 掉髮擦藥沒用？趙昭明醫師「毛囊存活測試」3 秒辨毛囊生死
◆ ◆ ◆ ◆
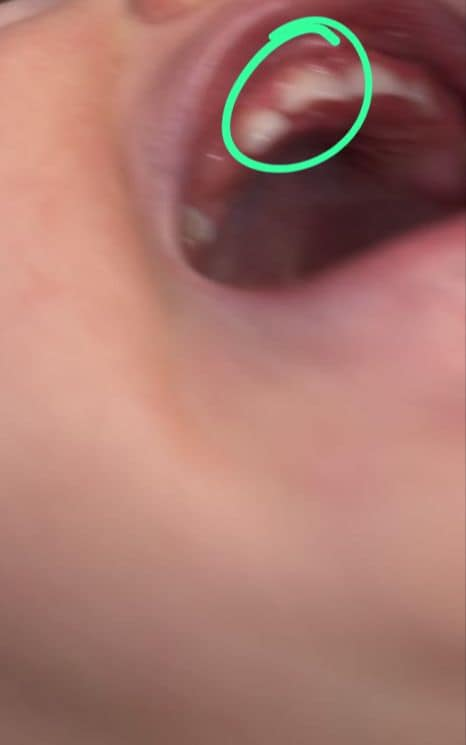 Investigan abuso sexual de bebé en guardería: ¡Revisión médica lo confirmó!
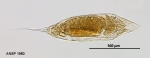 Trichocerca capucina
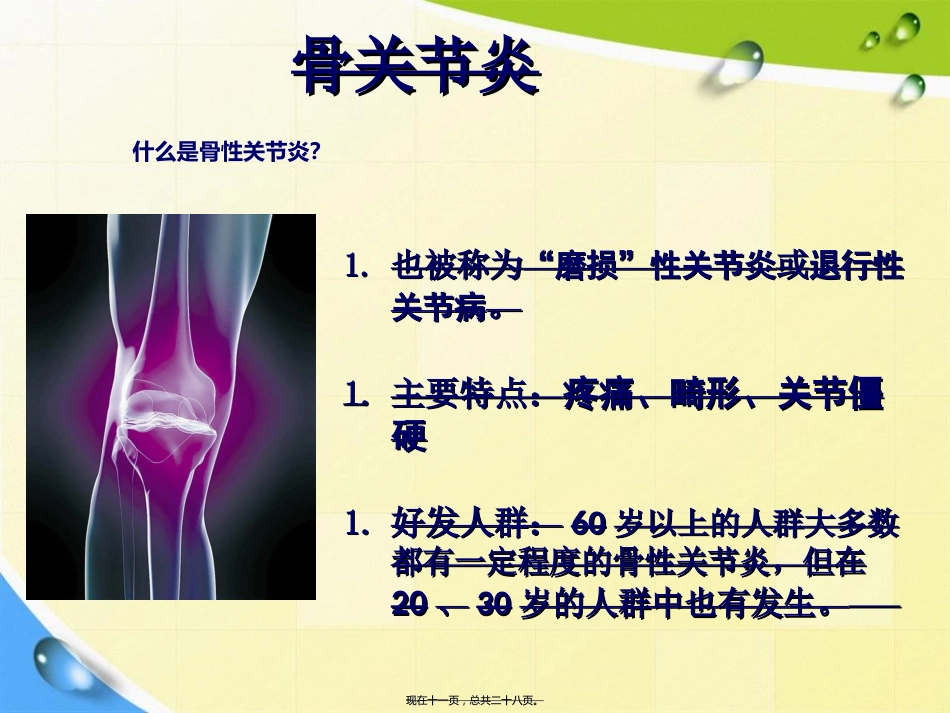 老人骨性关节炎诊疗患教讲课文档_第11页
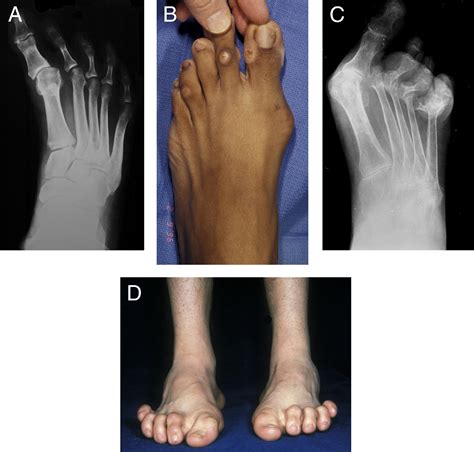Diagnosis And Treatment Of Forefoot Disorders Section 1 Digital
◆ ◆ ◆ ◆
◆ The problem: Only the lines above from the one containing "老人骨性关节炎诊疗患教讲课文档_第11页" through the one containing "Diagnosis And Treatment" should be returned, verbatim and inclusive, with pictures excluded.

◆ Exercise result:
 老人骨性关节炎诊疗患教讲课文档_第11页
Diagnosis And Treatment Of Forefoot Disorders Section 1 Digital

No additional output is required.